Flows into systematic investment plans (SIPs) hit an all-time high of Rs 26,688.22 crore in May with 85.6 million contributing accounts, data from the Association of Mutual Funds in India (Amfi) showed on Tuesday.
“The growth of SIP is particularly encouraging, indicating a shift towards disciplined, long-term investment, said Venkat Nageswar Chalasani, chief executive at Amfi.
Net inflows into open-ended schemes significantly fell to Rs 29,572.98 crore, compared with Rs 2.78 lakh crore in April, due to net outflows of Rs 15,908.48 crore from debt funds and with infusions into equity falling to more than one-year low.
On debt funds, Harshad Patwardhan, chief investment officer at Union Asset Management Company, said outflows were mainly at the shorter end of maturity as monetary easing was widely expected. “Corporate bond funds was the only category to see a big jump in net inflows as investors positioned themselves ahead of the policy announcement,” he added. The category saw inflows of Rs 11,983.35 crore, the highest among debt funds, followed by Rs 11,223.08 crore in money market funds.

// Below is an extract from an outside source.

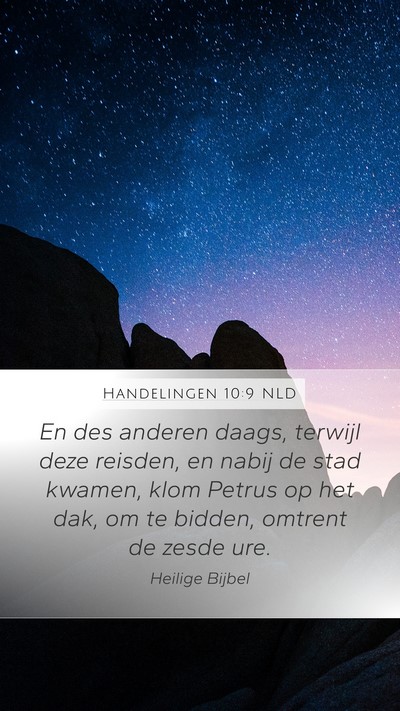 Handelingen 10:9 NLD Bible Verse Image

After two consecutive months of outflows, gold ETFs witnessed inflows of Rs 291.91 crore and thematic funds rose 2.6% month-on-month to Rs 2,052 crore.
Akhil Chaturvedi, executive director & chief business officer, Motilal Oswal AMC, said: “Equity net sales have seen a sharp downtick of 22%, largely on account of higher redemptions by Rs 5,000 cr in May (viz April’25).”
This was probably due to India-Pakistan conflicts at the beginning of the month, leading to the sentiment being cautious. SIP numbers of over Rs 26,000 crore are very encouraging, which imply that the preferred route for fresh investments has been SIP, rather than lump sum,” Chaturvedi said.
Suranjana Borthakur, head of distribution & strategic alliances, Mirae Asset Investment Managers (India), noted, “What’s particularly encouraging is the rise in hybrid categories — especially arbitrage, BAFs and multi-asset funds— indicating that investors are using these as strategic tools to stay invested while managing short-term volatility.”
She said arbitrage funds, in particular, are being seen as a safe space to temporarily park funds ahead of further deployment. “Overall, investors appear to be making balanced and thoughtful allocation decisions across asset classes, aligned with their risk appetite and investment horizons.”